L'Allemagne va faire payer ses banques pour la crise
AFP
Bérlin - Prenant les devants en Europe, Berlin a adopté mercredi un projet de taxe bancaire censé éviter que le contribuable paye pour les faillites de banques, mais dont l'effet risque de n'être que symbolique.
Les sommes récoltées serviront à créer un fonds dans lequel puiser en cas de menace de faillite d'une banque jugée d'importance stratégique. Le montant de la taxe, à fixer dans un règlement ultérieur, sera fonction de la taille et du degré de risque des activités.
L'Allemagne, échaudée après des sauvetages publics très coûteux, prend donc les devants en Europe et dans le monde en lançant concrètement sa taxe bancaire.
Face à la crise financière, l'Etat allemand a dû nationaliser en catastrophe l'établissement spécialisé Hypo Real Estate (HRE), bénéficiaire de plus de 100 milliards d'euros de garanties publiques, ou encore entrer au capital de la Commerzbank.
Dans les deux cas, les banques ont bénéficié de gros versement en liquide d'argent public: 7,8 milliards pour HRE et 18,2 milliards pour Commerzbank.
Le gouvernement allemand n'a jusqu'ici pas donné de chiffres pour les recettes espérées, mais il a indiqué qu'en 2006, bonne année pour les banques, cette taxe aurait généré 1,3 milliard d'euros.
Il aurait donc fallu une vingtaine d'années bénéficiaires pour les banques afin de parvenir à sauver HRE et Commerzbank.
"Dans la pratique, c'est le contribuable qui continuera à payer" en cas de crise, déclare à l'AFP Konrad Becker, analyste des banques pour la maison Merck Finck.

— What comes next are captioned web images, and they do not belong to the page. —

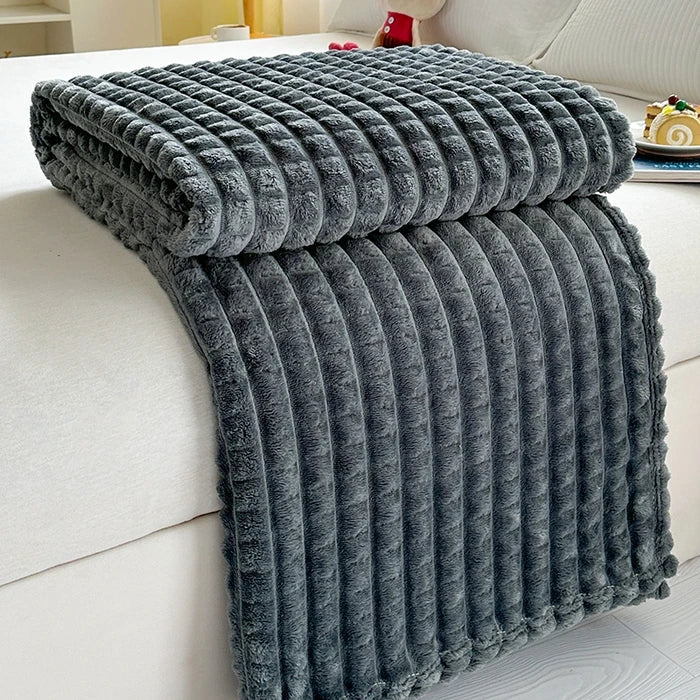 Luxury Imitation Fur Flannel Blanket – Ultra-Soft Winter Throw for Bed, Sofa, or Office Nap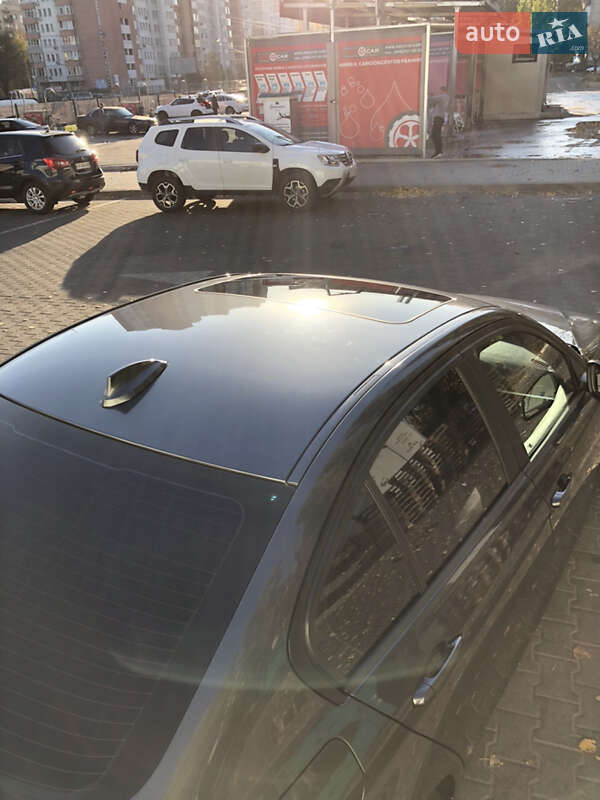 Седан BMW 3 Series 2015 в Києві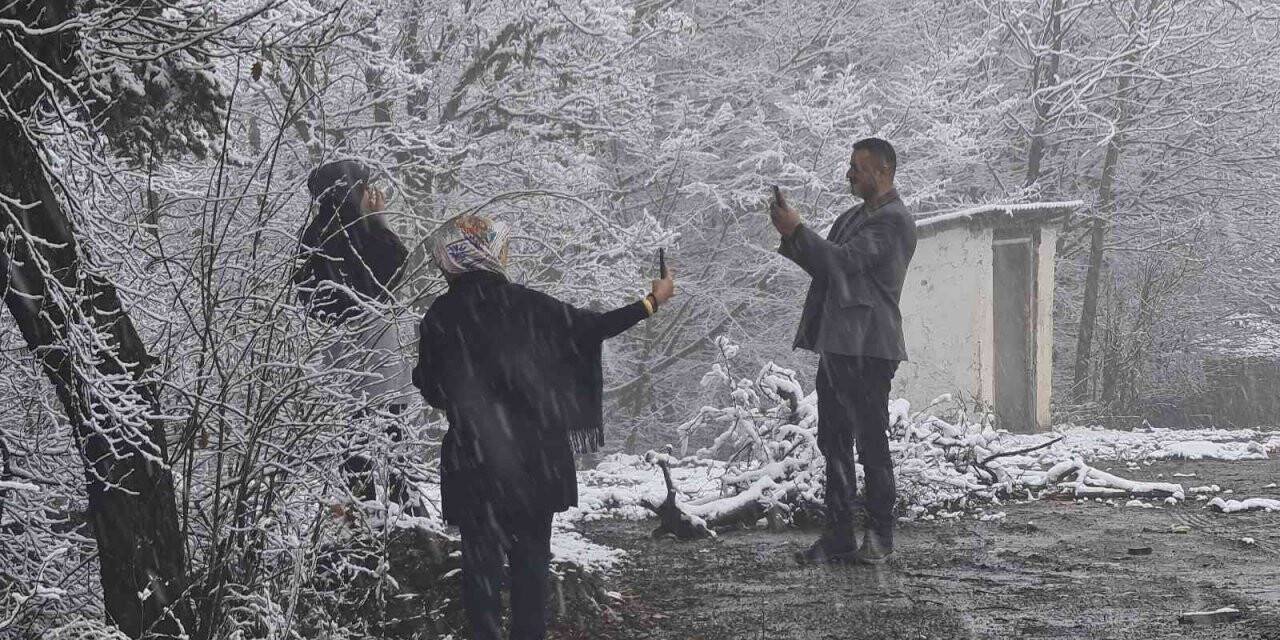 1030 rakımlı Ahmetusta geçidi kar yağışıyla beyaza bürüdü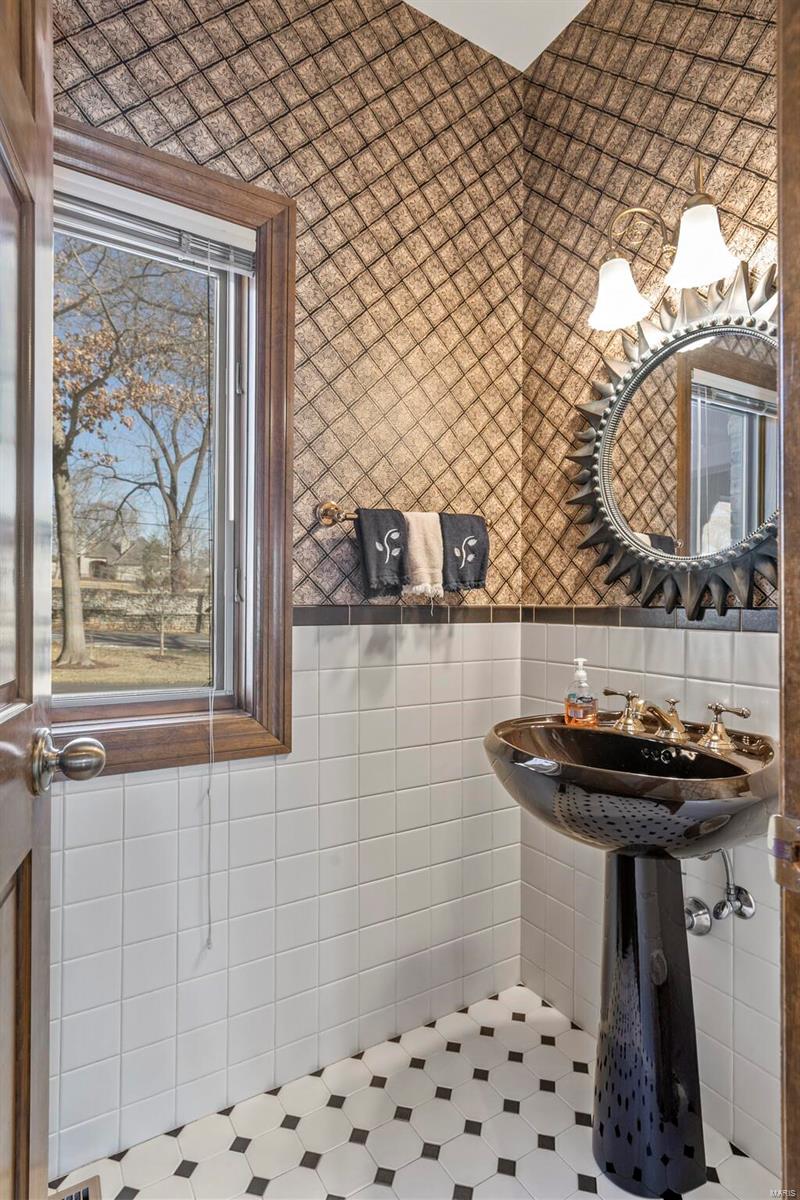 9792 Old Warson Road St. Louis, MO 63124 - Photo 21 of 64 Gallery Image 21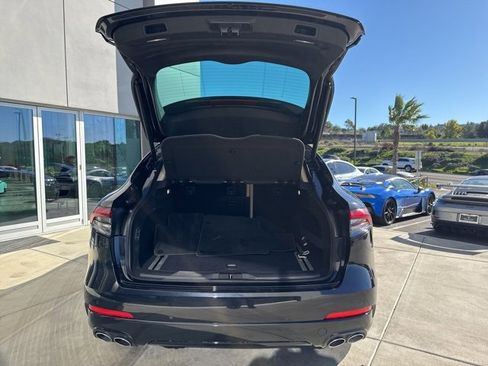 Certified 2022 Maserati Levante GT image 11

Le gouvernement reste "étrangement impuissant", commentait pour sa part le quotidien Süddeutsche Zeitung dans un éditorial, ajoutant: "c'est une illusion de croire qu'une crise bancaire profonde pourra être résolue sans l'Etat."
L'Allemagne espère pourtant convaincre d'autres de s'inspirer de sa taxe.
Avec un sens certain de la litote, le ministre français au Budget François Baroin a reconnu mardi à l'issue d'une visite à Berlin qu'il restait "un travail pédagogique à faire", tant auprès des pays du G20 que des Européens.
Si la France et la Grande-Bretagne, par exemple, réfléchissent à une taxe bancaire, le Congrès américain a lui enterré un projet de prélèvement de 19 milliards d'euros, et le Canada comme les pays émergents ferraillent contre une telle idée.
"Ce n'est pas parce que l'on est seul à faire quelque chose de bien, qu'il ne faut pas le faire", estimait M. Becker.
Il n'en annonce pas moins que "la compétitivité des banques allemandes va souffrir, au moins à court terme."
Si la taxe bancaire risque de n'avoir qu'une portée presque symbolique, il n'en va pas de même pour d'autres volets du projet de loi, selon l'analyste.
Le texte adopté mercredi donne également la possibilité à l'Etat et à l'autorité de surveillance du secteur bancaire d'intervenir plus vite et de manière plus autoritaire lorsqu'une banque jugée d'importance stratégique donne des signes de faiblesse.
Le gouvernement aura ainsi le droit de liquider certains actifs de l'institution menacée, passant éventuellement outre l'avis des actionnaires.
"Cela va donner à réfléchir aux dirigeants et aux actionnaires", juge M. Becker, ajoutant: "L'idée de base est la suivante: nous ne laisserons plus les banques nous faire du chantage."